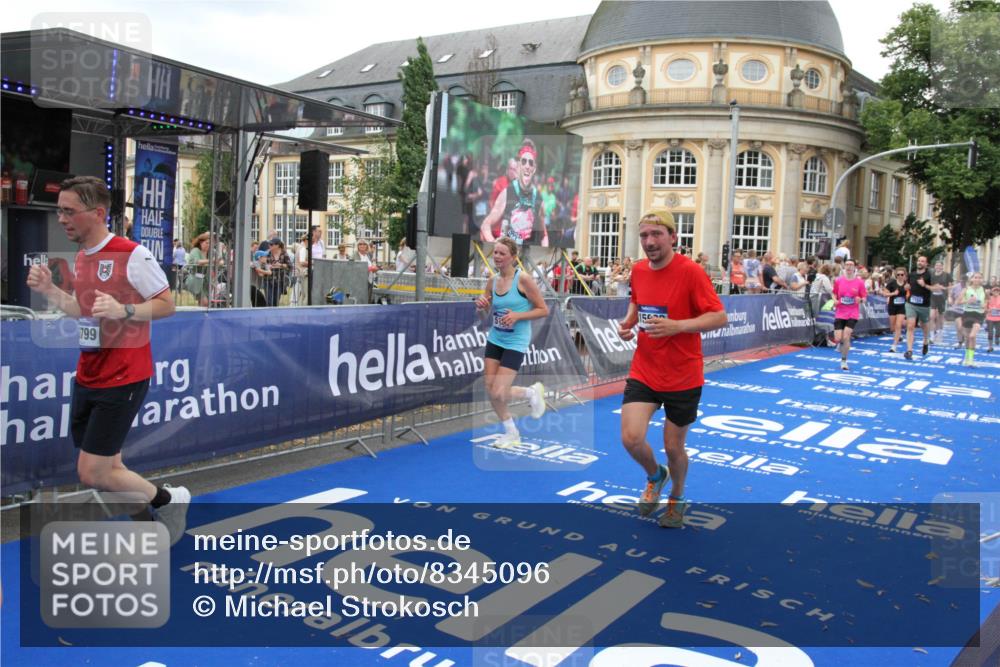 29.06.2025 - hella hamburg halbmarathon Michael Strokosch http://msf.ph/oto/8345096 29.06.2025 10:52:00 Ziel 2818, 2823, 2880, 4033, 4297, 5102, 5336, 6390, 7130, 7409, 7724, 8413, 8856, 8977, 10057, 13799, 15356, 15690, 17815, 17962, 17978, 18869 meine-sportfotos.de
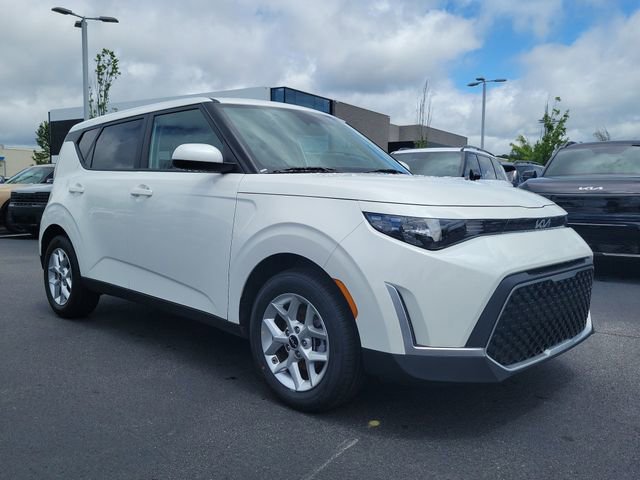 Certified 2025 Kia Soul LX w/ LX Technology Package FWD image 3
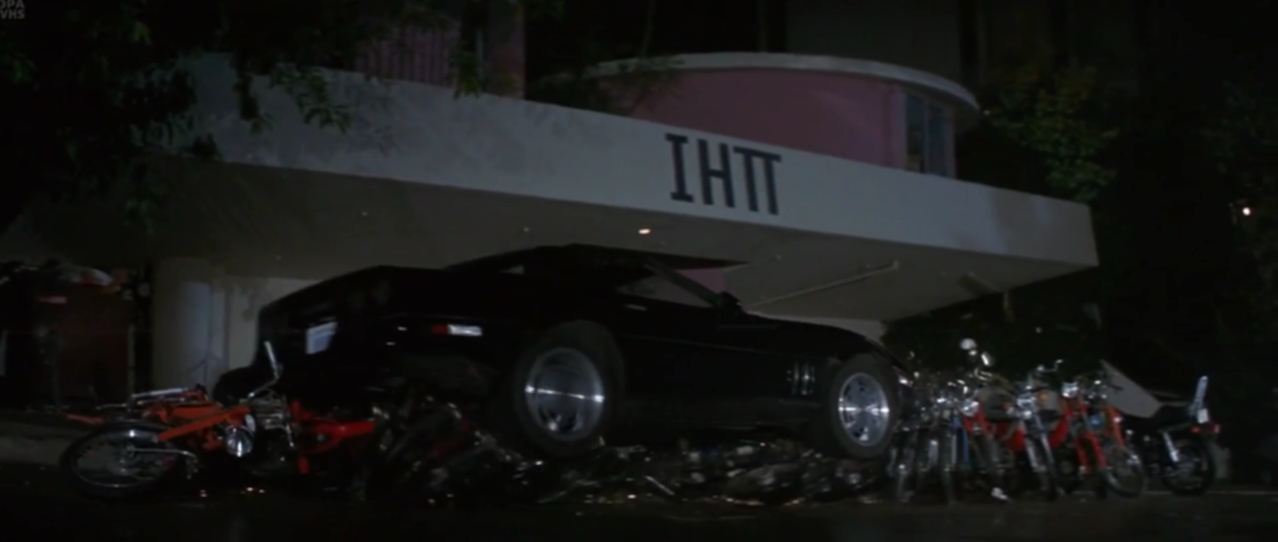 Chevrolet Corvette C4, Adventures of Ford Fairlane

**What you will do:**
In full and without any pictures, print the listing above exactly.

**Task result:**
 29.06.2025 - hella hamburg halbmarathon Michael Strokosch http://msf.ph/oto/8345096 29.06.2025 10:52:00 Ziel 2818, 2823, 2880, 4033, 4297, 5102, 5336, 6390, 7130, 7409, 7724, 8413, 8856, 8977, 10057, 13799, 15356, 15690, 17815, 17962, 17978, 18869 meine-sportfotos.de
 Certified 2025 Kia Soul LX w/ LX Technology Package FWD image 3
 Chevrolet Corvette C4, Adventures of Ford Fairlane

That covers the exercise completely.